Top of Records

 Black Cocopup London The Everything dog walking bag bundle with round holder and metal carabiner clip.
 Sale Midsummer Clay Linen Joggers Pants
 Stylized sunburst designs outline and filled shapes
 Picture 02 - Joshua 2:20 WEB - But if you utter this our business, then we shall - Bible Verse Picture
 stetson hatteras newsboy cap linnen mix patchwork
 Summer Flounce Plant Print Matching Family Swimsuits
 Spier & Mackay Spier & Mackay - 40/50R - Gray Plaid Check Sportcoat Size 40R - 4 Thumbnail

Bottom of Records
Top of Records

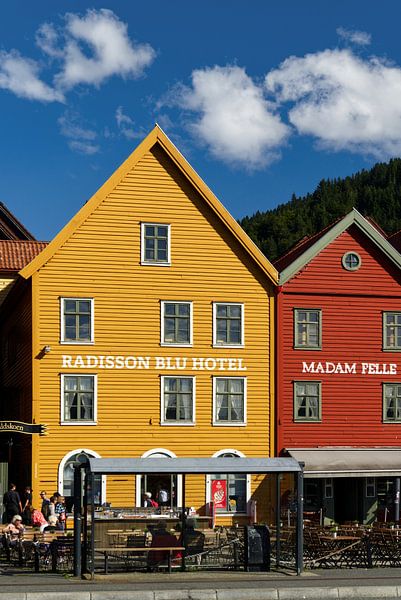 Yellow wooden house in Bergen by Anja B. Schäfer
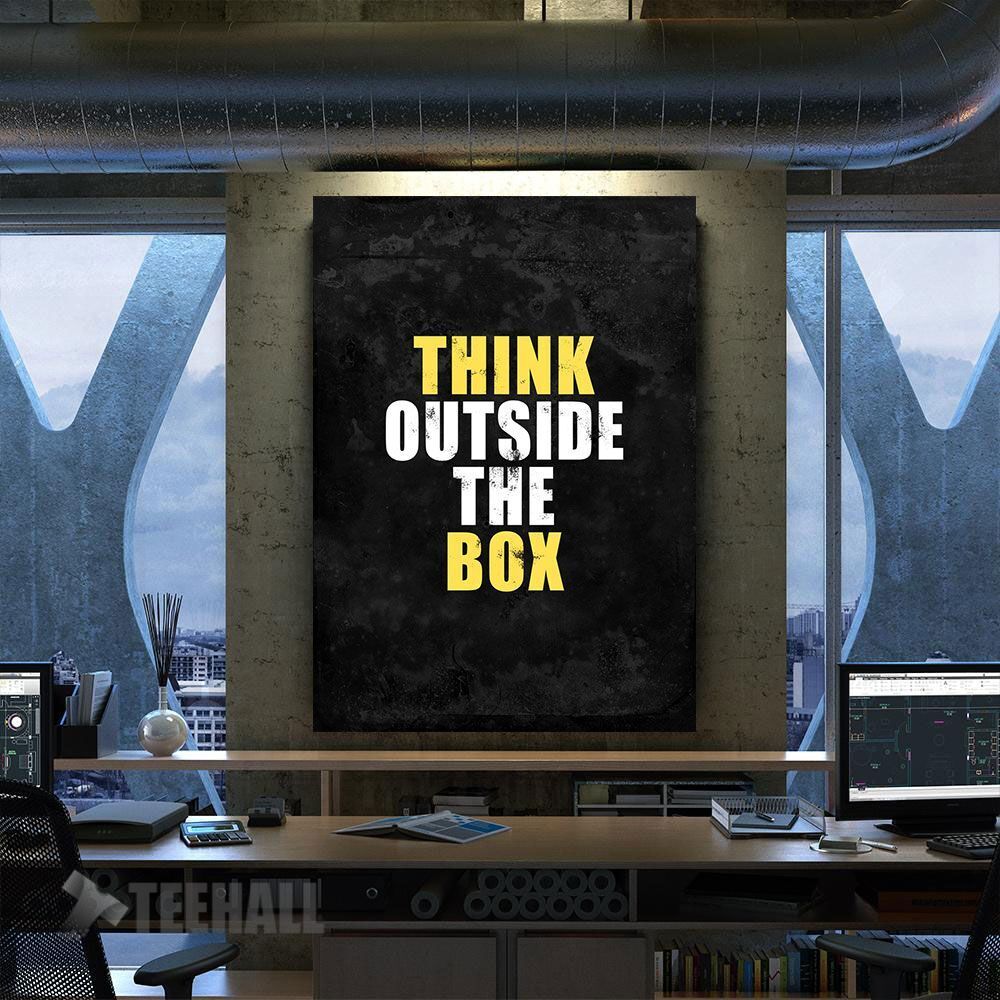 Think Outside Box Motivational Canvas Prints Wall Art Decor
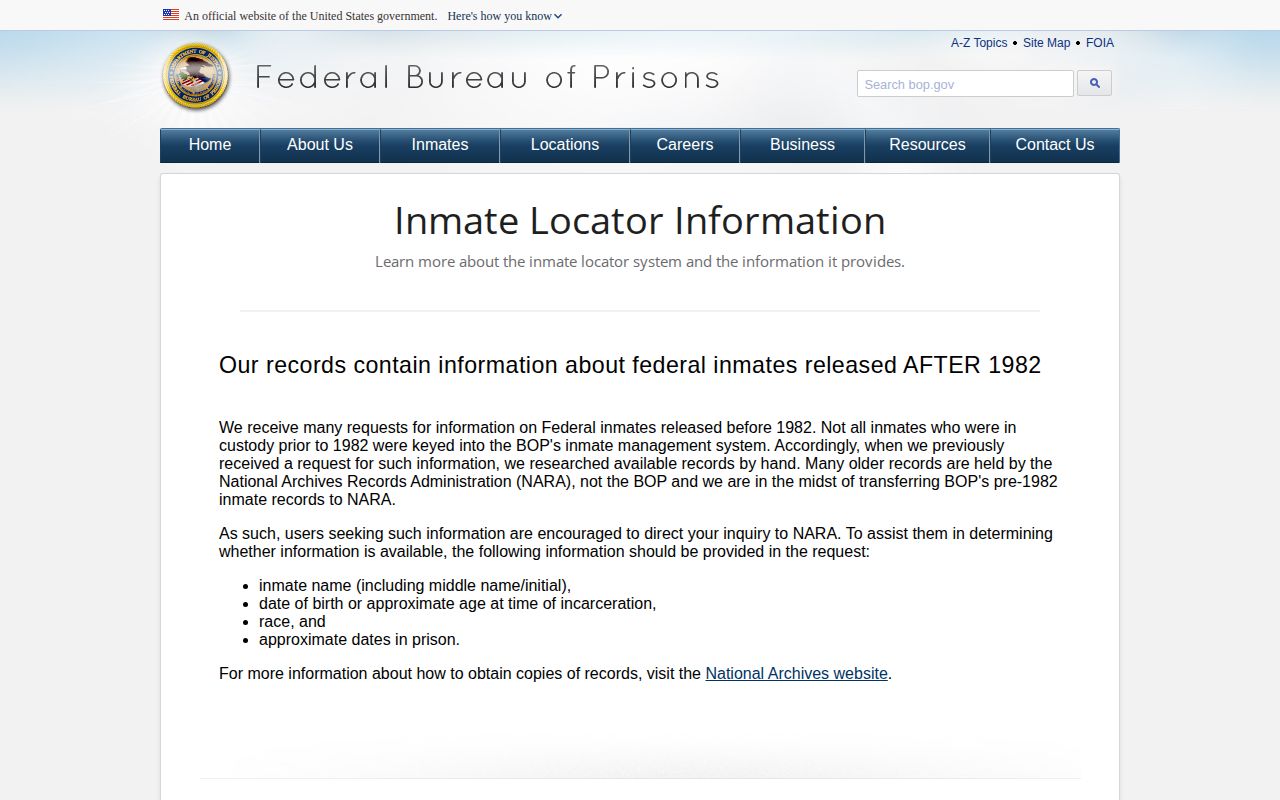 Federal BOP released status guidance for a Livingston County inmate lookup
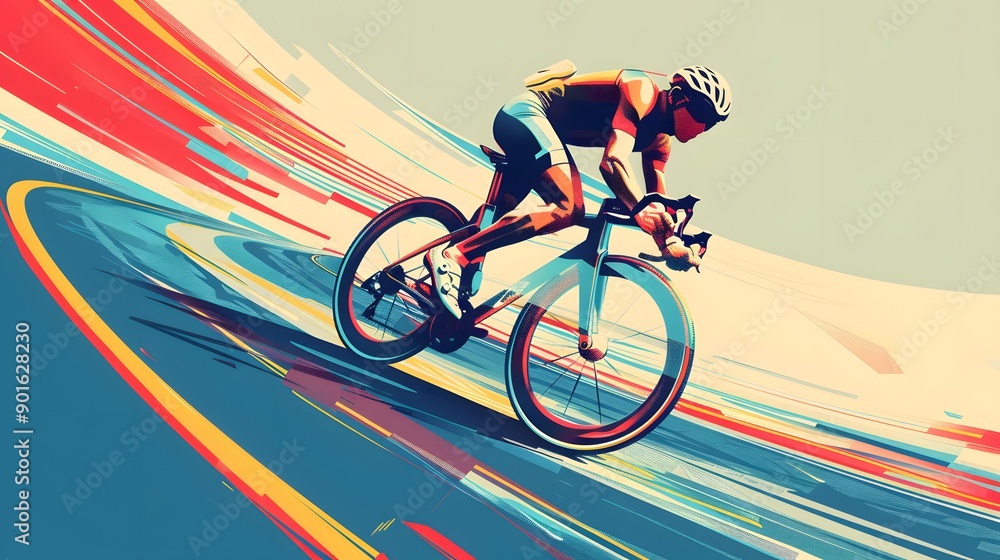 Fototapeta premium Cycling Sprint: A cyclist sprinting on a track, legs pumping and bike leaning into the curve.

Bottom of Records

Task instructions
Repeat exactly the lines of the listing above, from the one with "Picture 02 - Joshua" down to the one with "Spier & Mackay Spier"; both of those lines belong in the range.

Worked solution
 Picture 02 - Joshua 2:20 WEB - But if you utter this our business, then we shall - Bible Verse Picture
 stetson hatteras newsboy cap linnen mix patchwork
 Summer Flounce Plant Print Matching Family Swimsuits
 Spier & Mackay Spier & Mackay - 40/50R - Gray Plaid Check Sportcoat Size 40R - 4 Thumbnail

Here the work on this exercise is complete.